### ASSIGNMENT
Scan the data below for the string "What". Copy every line where it appears.

### RECORDS PROVIDED
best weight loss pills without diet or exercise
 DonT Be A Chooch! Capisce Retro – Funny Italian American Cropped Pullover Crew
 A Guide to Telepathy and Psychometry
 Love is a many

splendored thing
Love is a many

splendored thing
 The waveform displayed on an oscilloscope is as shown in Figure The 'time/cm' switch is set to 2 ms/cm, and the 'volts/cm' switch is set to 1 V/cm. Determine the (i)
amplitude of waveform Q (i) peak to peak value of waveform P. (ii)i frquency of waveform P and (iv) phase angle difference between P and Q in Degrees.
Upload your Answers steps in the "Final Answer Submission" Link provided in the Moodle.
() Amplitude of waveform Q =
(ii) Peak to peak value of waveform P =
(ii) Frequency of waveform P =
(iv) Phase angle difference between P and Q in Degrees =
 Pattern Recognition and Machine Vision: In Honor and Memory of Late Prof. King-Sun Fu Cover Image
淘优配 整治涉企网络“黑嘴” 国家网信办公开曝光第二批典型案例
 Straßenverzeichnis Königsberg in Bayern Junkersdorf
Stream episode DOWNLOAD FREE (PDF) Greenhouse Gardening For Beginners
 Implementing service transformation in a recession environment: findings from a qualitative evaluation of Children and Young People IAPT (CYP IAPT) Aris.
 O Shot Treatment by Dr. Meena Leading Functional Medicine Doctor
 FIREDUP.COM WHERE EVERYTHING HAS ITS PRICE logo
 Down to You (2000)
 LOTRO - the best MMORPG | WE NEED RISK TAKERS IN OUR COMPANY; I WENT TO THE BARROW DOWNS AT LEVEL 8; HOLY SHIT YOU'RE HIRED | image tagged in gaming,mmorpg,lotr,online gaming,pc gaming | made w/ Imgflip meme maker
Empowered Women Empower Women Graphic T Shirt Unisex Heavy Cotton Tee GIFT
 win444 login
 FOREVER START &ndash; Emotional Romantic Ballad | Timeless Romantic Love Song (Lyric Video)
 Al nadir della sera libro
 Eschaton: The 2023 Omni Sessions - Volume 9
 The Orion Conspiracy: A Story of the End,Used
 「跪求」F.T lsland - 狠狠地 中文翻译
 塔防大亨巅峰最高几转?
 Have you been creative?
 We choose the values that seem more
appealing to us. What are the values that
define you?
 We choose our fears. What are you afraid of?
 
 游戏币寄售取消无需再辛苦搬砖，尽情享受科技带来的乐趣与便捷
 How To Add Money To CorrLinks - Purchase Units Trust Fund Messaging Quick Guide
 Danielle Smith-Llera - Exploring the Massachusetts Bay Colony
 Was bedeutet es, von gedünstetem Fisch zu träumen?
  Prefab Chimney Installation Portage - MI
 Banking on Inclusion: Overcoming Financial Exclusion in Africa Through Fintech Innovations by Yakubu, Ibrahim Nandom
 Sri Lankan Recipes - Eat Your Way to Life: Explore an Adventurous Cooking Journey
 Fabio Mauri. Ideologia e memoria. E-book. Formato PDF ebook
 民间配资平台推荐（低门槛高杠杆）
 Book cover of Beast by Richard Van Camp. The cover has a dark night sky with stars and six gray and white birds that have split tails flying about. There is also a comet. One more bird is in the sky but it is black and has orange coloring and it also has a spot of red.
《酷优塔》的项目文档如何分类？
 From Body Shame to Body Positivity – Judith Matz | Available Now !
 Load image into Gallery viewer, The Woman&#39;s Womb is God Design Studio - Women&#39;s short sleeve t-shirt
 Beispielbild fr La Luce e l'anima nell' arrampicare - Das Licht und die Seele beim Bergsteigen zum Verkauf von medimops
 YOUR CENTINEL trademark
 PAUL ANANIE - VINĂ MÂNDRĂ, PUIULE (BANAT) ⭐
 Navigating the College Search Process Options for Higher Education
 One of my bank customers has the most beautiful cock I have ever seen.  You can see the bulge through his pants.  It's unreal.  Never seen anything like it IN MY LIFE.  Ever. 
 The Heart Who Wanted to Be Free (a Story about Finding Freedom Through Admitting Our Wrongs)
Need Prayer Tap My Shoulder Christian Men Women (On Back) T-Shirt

### TASK SOLUTION
appealing to us. What are the values that
 We choose our fears. What are you afraid of?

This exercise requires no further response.